Gilbert’s syndrome is a hereditary disorder that manifests from birth. Until elevated bilirubin levels are shown in blood testing, it frequently goes undiagnosed.

In the event that the bilirubin level is elevated, or one has unexplained jaundice, the healthcare provider may suggest Gilbert syndrome. Aside from blood testing, other tests may be required such as:

  • Liver function tests: This can assist in evaluating the health of the liver and determine bilirubin levels.
  • Genetic testing: This can confirm the diagnosis, specifically look for the Gilbert’s syndrome-causing gene mutation.
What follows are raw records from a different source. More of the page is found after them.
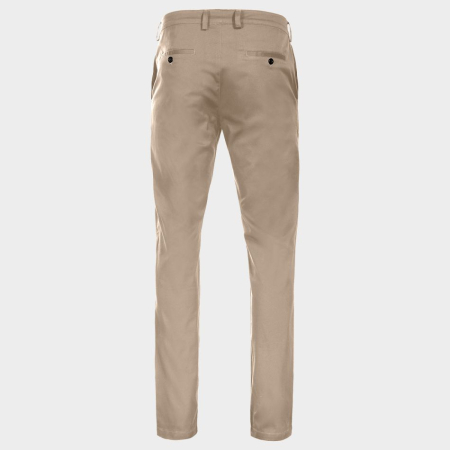 Pantaloni de lucru in talie Stenso CHINO LIGHT, 60% poliester, 37% bumbac, 3% spandex, 170 gr/mp  [3]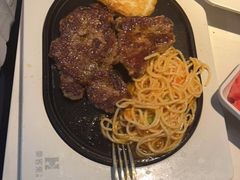 -豪客来牛排(东区万达坊店)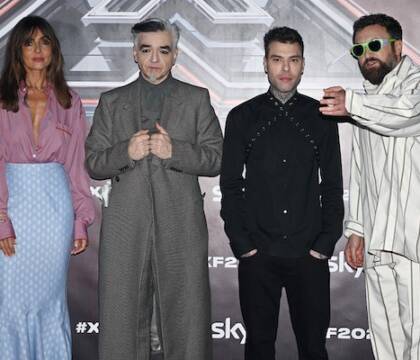 Morgan a rischio a X Factor, litiga con tutti e Sky medita di farlo fuori (Corsera)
Abdominal pain and black urine are two other symptoms that point to several liver disorders, including Gilbert syndrome.

Treatment

Jaundice, a symptom associated with Gilbert’s syndrome, can result in a yellowish discoloration of the skin and eyes, which may be concerning to some. However, it’s important to note that both jaundice and Gilbert’s syndrome typically do not require any specific treatment. Jaundice is a relatively rare occurrence and often resolves on its own without causing any complications. Additionally, bilirubin levels in the blood can fluctuate over time.
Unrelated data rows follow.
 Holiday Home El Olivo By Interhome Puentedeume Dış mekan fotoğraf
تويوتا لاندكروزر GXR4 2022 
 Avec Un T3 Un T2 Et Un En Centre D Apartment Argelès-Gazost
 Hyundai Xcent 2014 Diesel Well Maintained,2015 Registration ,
Strategies may be suggested to reduce episodes of jaundice associated with Gilbert’s syndrome, such as:

  • Managing stress: This can aid with regulating bilirubin levels. Implementing stress management techniques such as exercise, meditation, and listening to music may be beneficial in mitigating the impact of stress on bilirubin levels. Stress and other life events can set off episodes of elevated bilirubin levels in Gilbert syndrome, which can result in jaundice.
  • Maintaining a healthy diet: This include refraining from fasting or missing meals, maintaining a regular eating schedule, and avoiding extremely low-calorie diets.
  • Informing the healthcare providers of the condition: Ensure that every healthcare provider is aware of one’s Gilbert syndrome. This is important so they can make informed decisions about which medications to prescribe, determine appropriate dosages, and make any necessary adjustments to accommodate the specific characteristics of the condition.